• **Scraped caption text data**
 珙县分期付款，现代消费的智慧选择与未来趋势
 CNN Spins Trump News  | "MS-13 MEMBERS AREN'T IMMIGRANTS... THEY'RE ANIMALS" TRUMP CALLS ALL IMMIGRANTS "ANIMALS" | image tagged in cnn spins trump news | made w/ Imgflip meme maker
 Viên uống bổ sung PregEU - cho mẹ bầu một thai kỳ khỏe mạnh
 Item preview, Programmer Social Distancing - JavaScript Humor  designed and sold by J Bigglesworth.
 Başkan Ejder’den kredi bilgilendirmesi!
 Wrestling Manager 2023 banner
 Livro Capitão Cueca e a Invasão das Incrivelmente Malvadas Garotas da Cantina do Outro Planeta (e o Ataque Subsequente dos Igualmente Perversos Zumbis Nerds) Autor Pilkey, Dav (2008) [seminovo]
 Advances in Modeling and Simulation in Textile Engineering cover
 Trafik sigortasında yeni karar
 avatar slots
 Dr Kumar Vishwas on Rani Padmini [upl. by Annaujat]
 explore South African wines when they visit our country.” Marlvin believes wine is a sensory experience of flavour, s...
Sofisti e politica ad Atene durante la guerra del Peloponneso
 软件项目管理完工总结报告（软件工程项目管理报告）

...

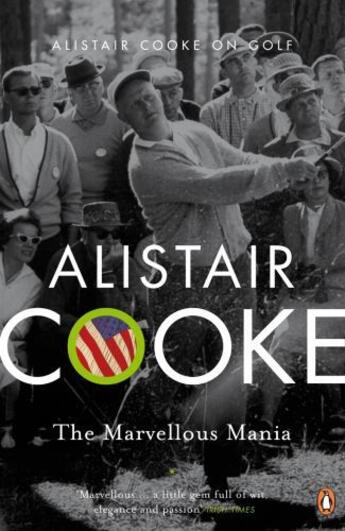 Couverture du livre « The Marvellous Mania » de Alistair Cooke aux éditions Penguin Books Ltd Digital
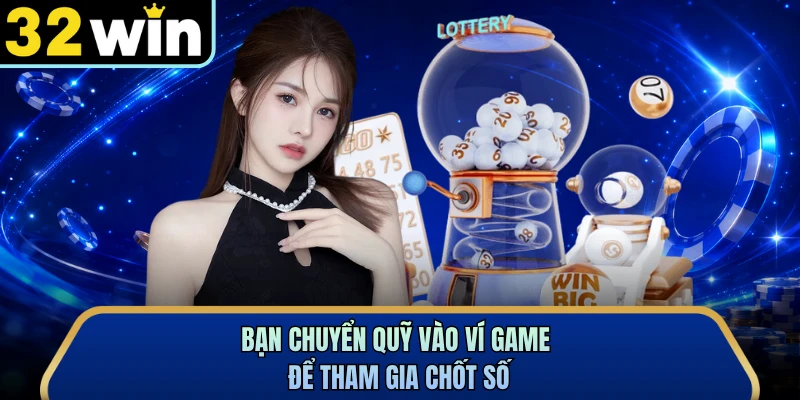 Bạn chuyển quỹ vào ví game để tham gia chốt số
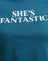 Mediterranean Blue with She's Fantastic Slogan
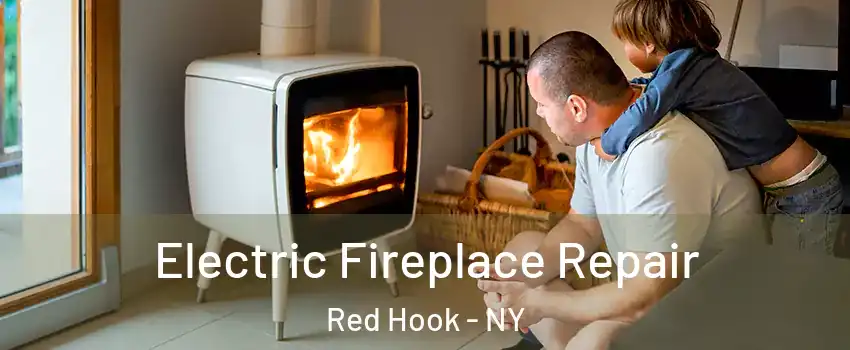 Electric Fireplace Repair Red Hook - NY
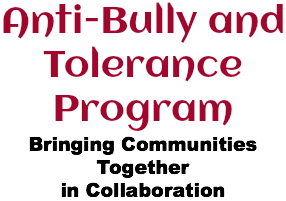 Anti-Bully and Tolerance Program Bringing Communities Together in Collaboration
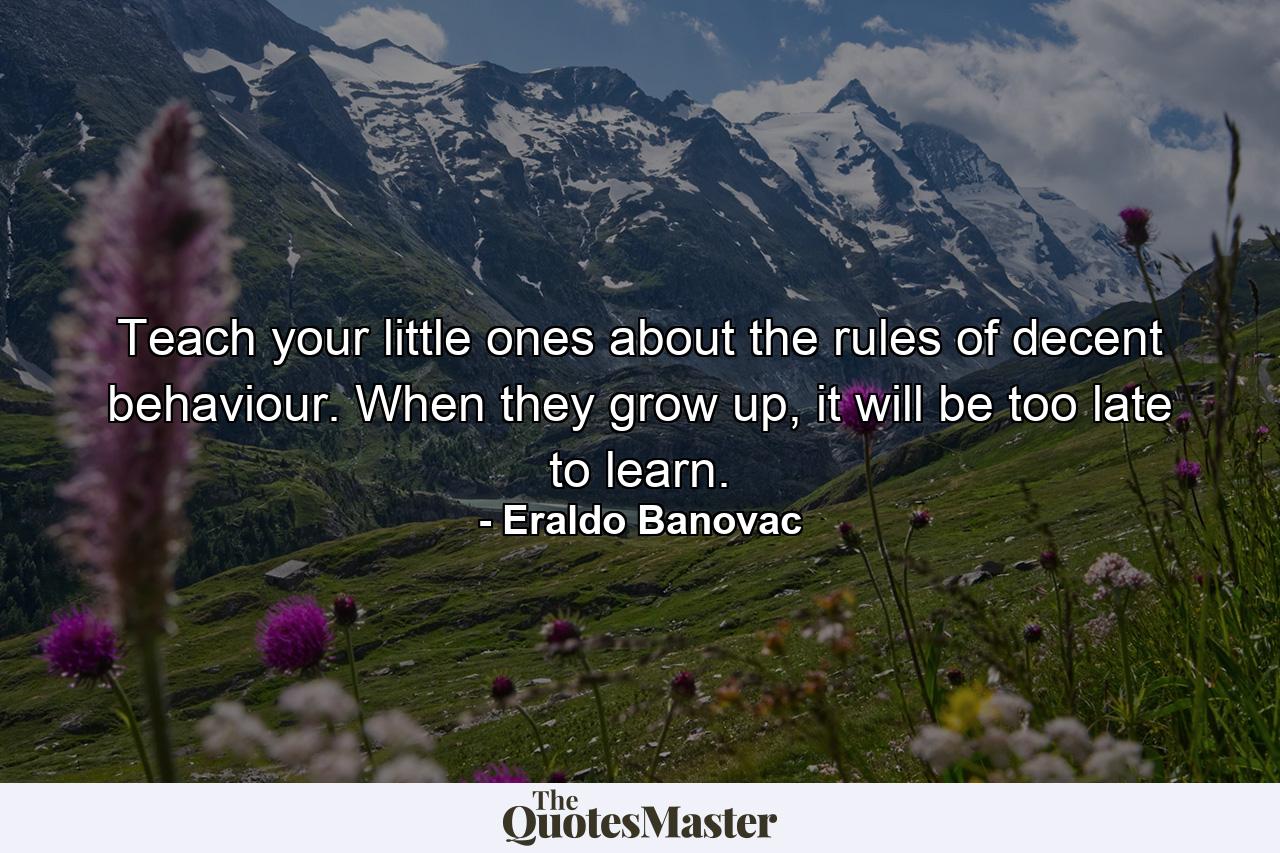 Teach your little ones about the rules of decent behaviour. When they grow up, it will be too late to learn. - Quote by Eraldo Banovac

• **Exercise prompt**
For the entries above, print exactly the lines between the one with "Electric Fireplace Repair Red Hook - NY" and the one with "Teach your little", inclusive, with no pictures.

• **Expected answer**
 Electric Fireplace Repair Red Hook - NY
 Anti-Bully and Tolerance Program Bringing Communities Together in Collaboration
 Teach your little ones about the rules of decent behaviour. When they grow up, it will be too late to learn. - Quote by Eraldo Banovac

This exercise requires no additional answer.